# GJAM  methods
### Author: Alyssa Willson

This document will describe the  methods for running the Generalized Joint Attribute Model (GJAM) to analyze the relationship between the environment and the plant community directly before European settlement in the Midwest, US. I will first describe the data, briefly describe the model, and then discuss its implementation.

## Objective

The objective of the methods described below is to understand the drivers of tree community distribution in the Midwest, U.S. prior to widespread European settlement. The vegetation community can be influenced by both biotic and abiotic drivers. Abiotic drivers include climate, soil conditions, and topography. Biotic drivers include inter- and intraspecific competition and facilitation. We reconstructed the vegetation community and a suite of abiotic drivers for the period just prior to European settlement, corresponding to the mid-19<sup>th</sup> century for Indiana and Illinois, U.S. We used the Generalized Joint Attribute Model (GJAM) to evaluate the relative contributions of abiotic and biotic factors in driving the distribution of the vegetation communities within this region.

## Data

***The Public Land Survey***

The Public Land Survey is a dataset that was collected by the U.S. Bureau of Land Management in the early and late 19<u>th</u> century. The survey was conducted in order to plat the land for sale. In so doing, surveyors used trees to delineate distance at regular intervals (called *corners*) across much of the contiguous U.S. and recorded the trees' taxon. From these regular spaced records of tree taxon identity, we collated a digitized record of the trees identified in the Public Land Survey in Illinois and Indiana, representing the plant community across this region before large-scale European settlement.

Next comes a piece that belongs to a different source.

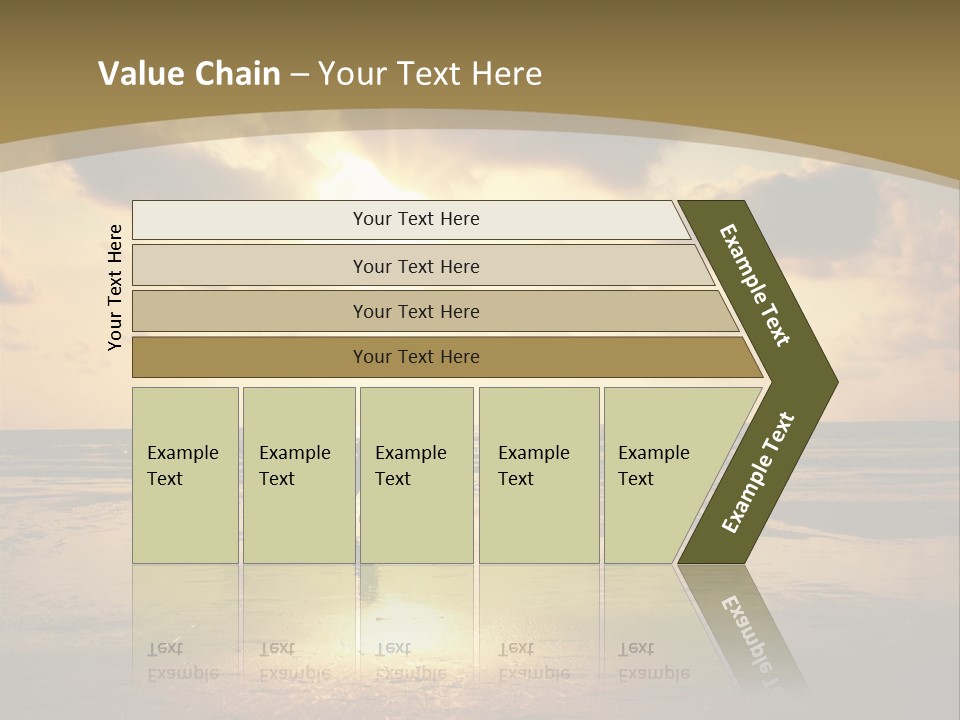 Lifestyle Shore Run PowerPoint Template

***Vegetation community reconstruction***

We used the Public Land Survey record to identify the presence of 14 plant taxa across our study region. We defined our study region as a set of discrete "management areas" that represent the breadth of environmental conditions and ecological communities observed across Indiana and Illinois, and also represent areas of high current management priority. We grouped taxa recorded in the Public Land Survey into 14 taxa that both represent the plant communities of the region and reduce the number of taxa with few observations in our dataset (Table 1). We further grouped the taxa into three biomes: prairie, savanna, and forest. The category of "no tree" is indicative of prairie because this suggests that the PLS surveyor did not encouter any tree within a considerable distance of the corner, consistent with a tree-less prairie. The oak and hickory taxa are indicative of savanna when no trees of a different taxa are observed because oaks and hickories are the dominant trees in the oak savannas of the Midwest region. All other tree taxa are assumed to be indicative of forest of any kind (Table 1).

|Biome | Taxon | PLS Taxon|
|------|-------|----------|
|Prairie|No tree|No tree|
|Savanna|Oak|Oak|
|Savanna|Hickory|Hickory|
|Forest|Elm|Elm|
|Forest|Ash|Ash|
|Forest|Maple|Maple|
|Forest|Basswood|Basswood|
|Forest|Walnut|Walnut|
|Forest|Ironwood|Ironwood|
|Forest|Beech|Beech|
|Forest|Dogwood|Dogwood|
|Forest|Poplar/Tulip Poplar|Poplar|
|Forest|Poplar/Tulip Poplar|Tulip Poplar|
|Forest|Poplar/Tulip Popoar|Poplar/Tulip Poplar|
|Forest|Black Gum/Sweet Gum|Black Gum|
|Forest|Black Gum/Sweet Gum|Sweet Gum|
|Forest|Black Gum/Sweet Gum|Black Gum/Sweet Gum|
|Forest|Other Conifer|Bald Cypress|
|Forest|Other Conifer|Pine|
|Forest|Other Conifer|Tamrack|
|Forest|Other Hardwood|Birch|
|Forest|Other Hardwood|Locust|
|Forest|Other Hardwood|Willow|
|Forest|Other Hardwood|Cherry|
|Forest|Other Hardwood|Sycamore|
|Forest|Other Hardwood|Buckeye|
|Forest|Other Hardwood|Hackberry|
|Forest|Other Hardwood|Mulberry|

Table 1. Taxa in Public Land Survey. **Biome**: The biome indicated by the presence of each taxon. For example, if no tree is present, then the data indicate that the location is a prairie. **Taxon**: The reduced list of taxa used in our analysis to reduce the number of low-frequency taxa in our dataset. **PLS Taxon**: The taxon recorded in the Public Land Survey (PLS).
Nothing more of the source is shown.